The resolution was submitted by the Press Club of Long Island to encourage transparency within all SPJ chapters, Executive Vice President Nicole B. Brewer told delegates.
An amendment replaced “financial records,” the original wording in the resolution, with “treasurer reports” after some delegates questioned the definition of a financial record and whether any and all financial records of a chapter would have to be available to the public.
Lauren Bartlett, a delegate with the Greater Los Angeles Professional chapter, said she supported the ideas of the resolution, but questioned the way it was written. Others said the three-paragraph proposal wasn’t specific enough.
“I advocate for public records, but SPJ is not a government organization,” delegate Jeremy W. Steele of the Mid-Michigan chapter said during the meeting. “We are not the same as a government organization.”
Linda Peterson, a delegate for the Utah Headliners Club and chair of SPJ’s Freedom of Information Committee, compared the business meeting to a legislative session.
“What a bunch of hypocrites!” Peterson said, followed by applause. “Take a good, hard look at yourself and listen to what you are saying. We are the watchdogs of the United States.”
Steele said after the meeting that it was an “apples and oranges” comparison because SPJ does not handle the general public’s money. A resolution wouldn’t prevent another scandal, he said, referring to a former Oklahoma chapter secretary-treasurer who withdrew $40,000 from a chapter account and admitted to improperly using the money.
Outgoing SPJ Board President John Ensslin told the audience that the board of directors voted Thursday to offer financial oversight assistance after a delegate asked if a resolution was the best way to move forward after the Oklahoma financial scandal.
Brewer said she hopes Saturday’s business meeting started a discussion about transparency in all SPJ chapters, even if the treasurer reports aren’t required for public review.
Among the seven resolutions, SPJ delegates also approved a resolution challenging the constitutionality of the Federal Education Rights and Privacy Act (FERPA).
The resolution states SPJ “supports all efforts to have FERPA declared unconstitutional so that colleges and universities can begin to find a common-sense way to protect legitimate confidences while still giving the public information essential to evaluating how its schools are managed.”
In announcing the results of SPJ’s annual elections – the first one-member, one-vote contest since the organization’s founding in 1909 – Ensslin said 830 (10 percent) of the society’s members voted, compared to 100 in the elections of 2011.
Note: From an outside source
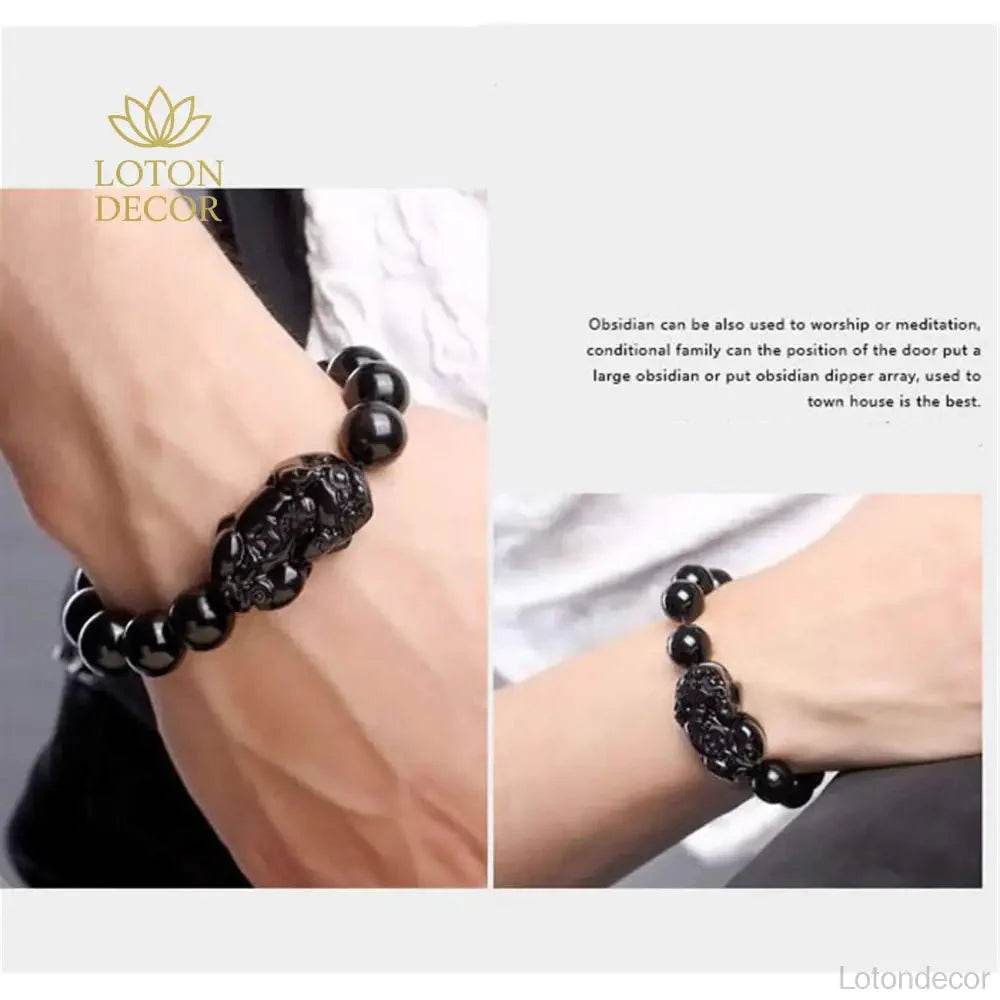 Rainbow Obsidian Pixiu Bracelet – Wealth & Courage Amulet - Loton Decor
Under the new voting roles, all members were eligible to vote for at-large director, student representative and Region 4 director.
In the at-large director contest, Carl Corry beat Andy Schotz 361-333. Schotz, former president of the Washington, D.C. Professional Chapter, championed the one-member, one-vote campaign last year.
Meg Wagner, campus chapter president at the University of Florida, and Mary Kenney, a student at Indiana University, were elected student representatives. Patty Gallagher, campus adviser at Miami University in Ohio, beat Norm Augustinus, Florida freelance writer, for Region 4 director.